About this exercise —
Each line from the top of the listing down to and including the line with "Before we get" must be duplicated exactly; pictures are to be skipped.

Input data —
※
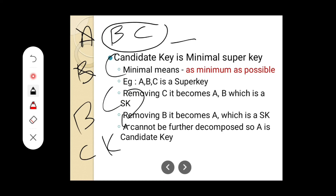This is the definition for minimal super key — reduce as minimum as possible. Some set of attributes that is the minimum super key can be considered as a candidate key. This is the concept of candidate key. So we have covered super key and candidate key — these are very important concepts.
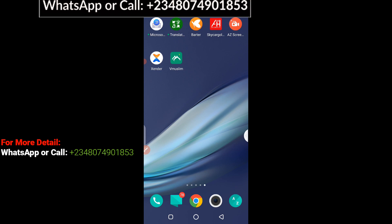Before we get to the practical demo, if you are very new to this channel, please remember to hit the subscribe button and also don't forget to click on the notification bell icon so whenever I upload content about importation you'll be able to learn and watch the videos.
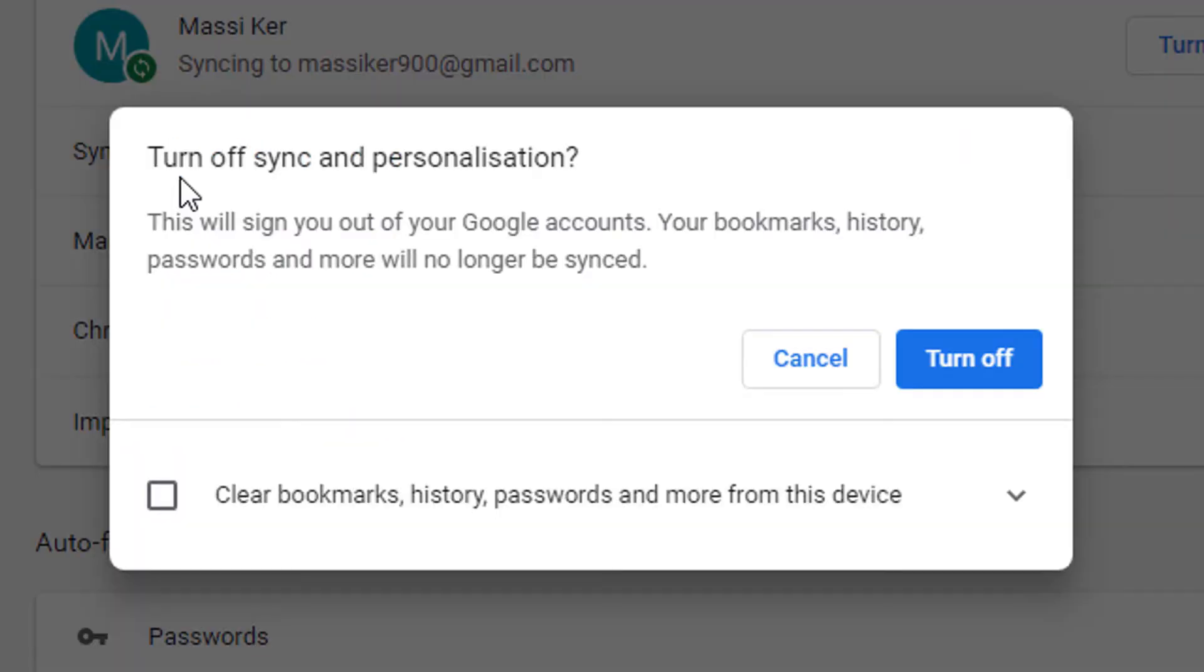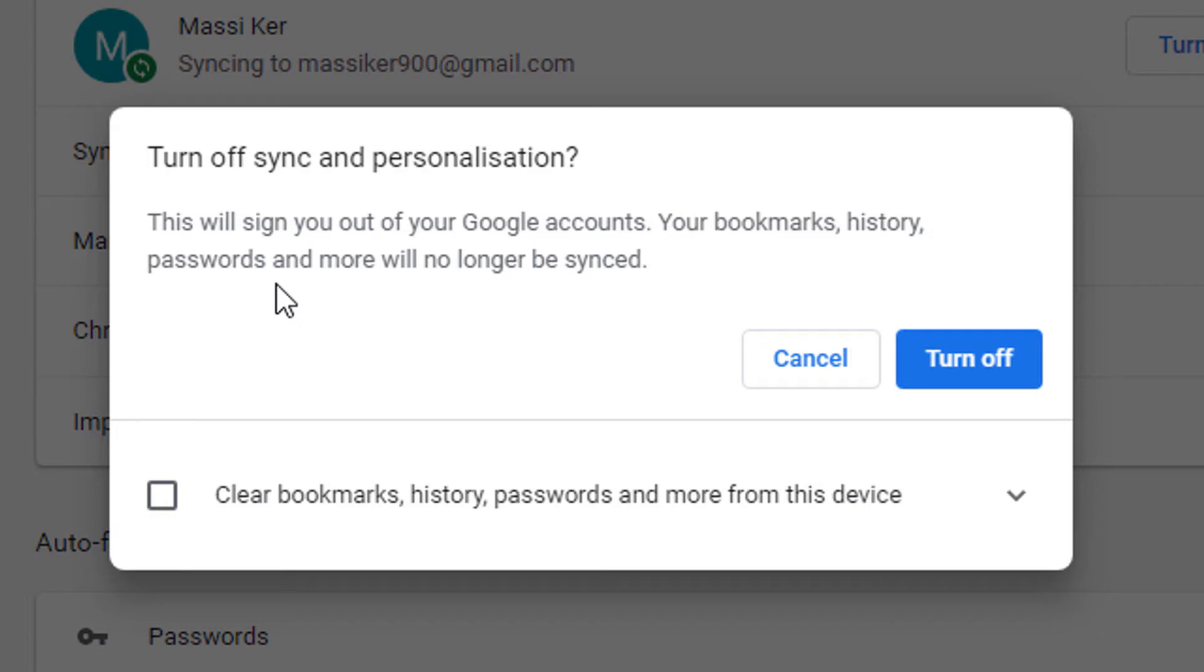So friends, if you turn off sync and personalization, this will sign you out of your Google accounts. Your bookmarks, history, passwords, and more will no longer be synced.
※
Result —
This is the definition for minimal super key — reduce as minimum as possible. Some set of attributes that is the minimum super key can be considered as a candidate key. This is the concept of candidate key. So we have covered super key and candidate key — these are very important concepts.
Before we get to the practical demo, if you are very new to this channel, please remember to hit the subscribe button and also don't forget to click on the notification bell icon so whenever I upload content about importation you'll be able to learn and watch the videos.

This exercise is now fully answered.